I've been experimenting with the following strategies personally:

PupLukey commented 9 months ago

To be frank here, I don't exactly like your suggestions about what one can do to secure access since they all rely on external systems being integrated with the mediacms system for a functionality so essential that it should be implemented by the app itself. \ Furthermore securing this application with a VPN would undermine a key reason to use the software. I think MediaCMS is about easily sharing Media with others. Requiring normal people without technical knowledge to use a VPN Client sounds counter productive to me. If I was in need of an application to upload files and access them anywhere I would have stayed with any cloud solution.

I would really like to see that MediaCMS overhaul it's authentication and authorization in a way that allows more options for privacy. That includes the basic functionality as opt-in to put media files and the api for meta information about these media files/objects behind authorization but may also include:

And actually I have already suggested a solution in my first post which integrates well with the current way of providing files and doesn't require huge changes. Using different urls now might be a little annoying. I would do it myself and open a PR but I really dislike Python and can't develop with it.

If there is something missing with my proposal I will be glad to discuss that. :)
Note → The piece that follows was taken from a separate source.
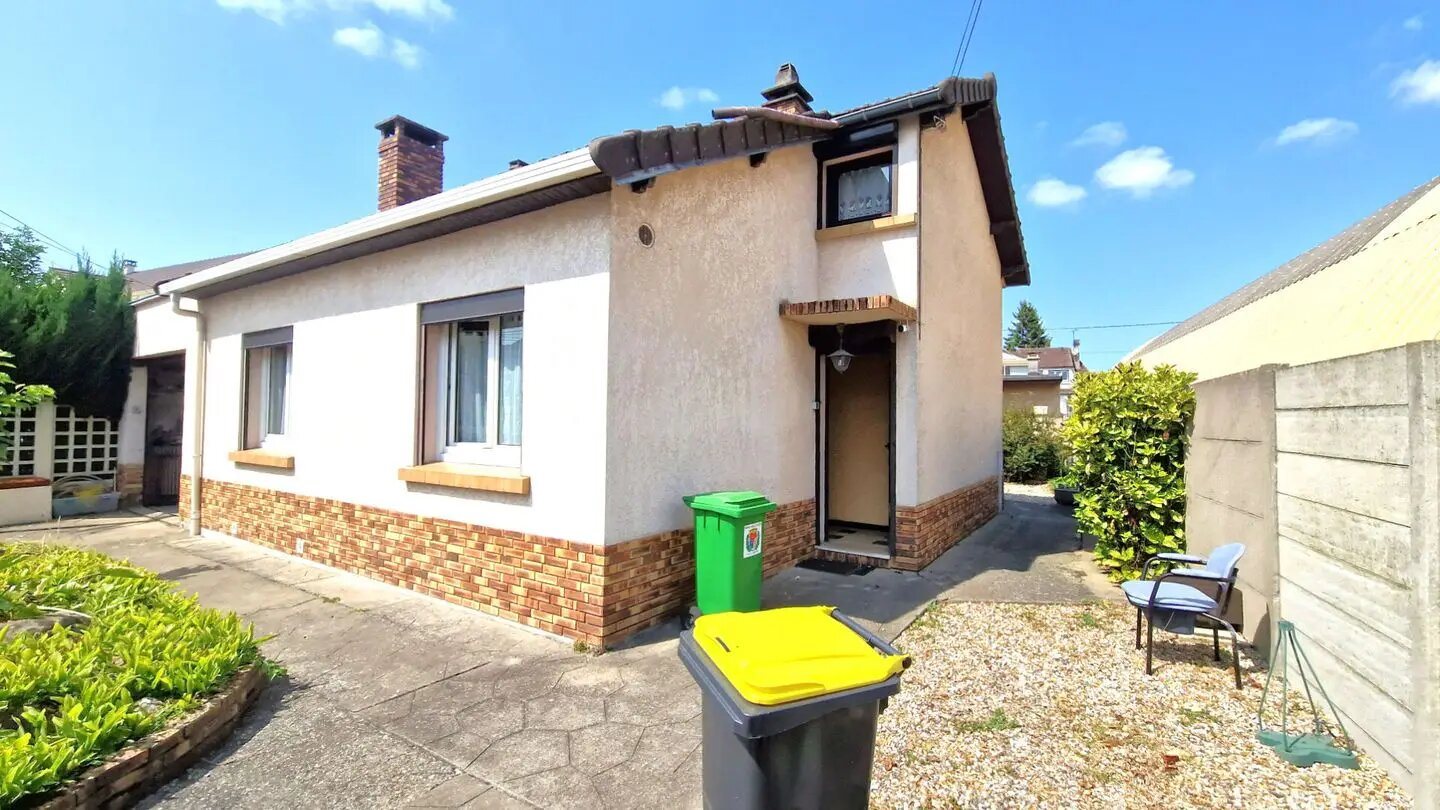 Maison à vendre, 132m², Paray-Vieille-Poste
I suggest adding the bug or enhancement label to clarify that this issue is not about requesting help to setup MediaCMS. Would be great to hear some feedback from the guys who need to approve changes. :)

PupLukey commented 9 months ago

Just now I have seen that #905 relates to this issue. \ But as I explained above it's not only the search bar or a frontend thing. The whole problem here is bigger.

flinthamm commented 6 months ago

This is not meant to be a complaint. Great work and love the concept and project, together with clearly your hard work. I thought it was most relevant, best to comment here, rather than add a new topic but I've just found more exposure that I didn't expect. When not logged in and with the configuration setup for private access, any tagged media becomes listed (thumbnails) and available from the "Tags" side menu, the same with "Categories" and "Members" are all listed in full?

On a side note, it would be really great is your could reset the "Views" count or perhaps not increment this number when logged in as an admin and setting things up.

I really hope an update fixes this at some point otherwise, very regrettably this won't be useful.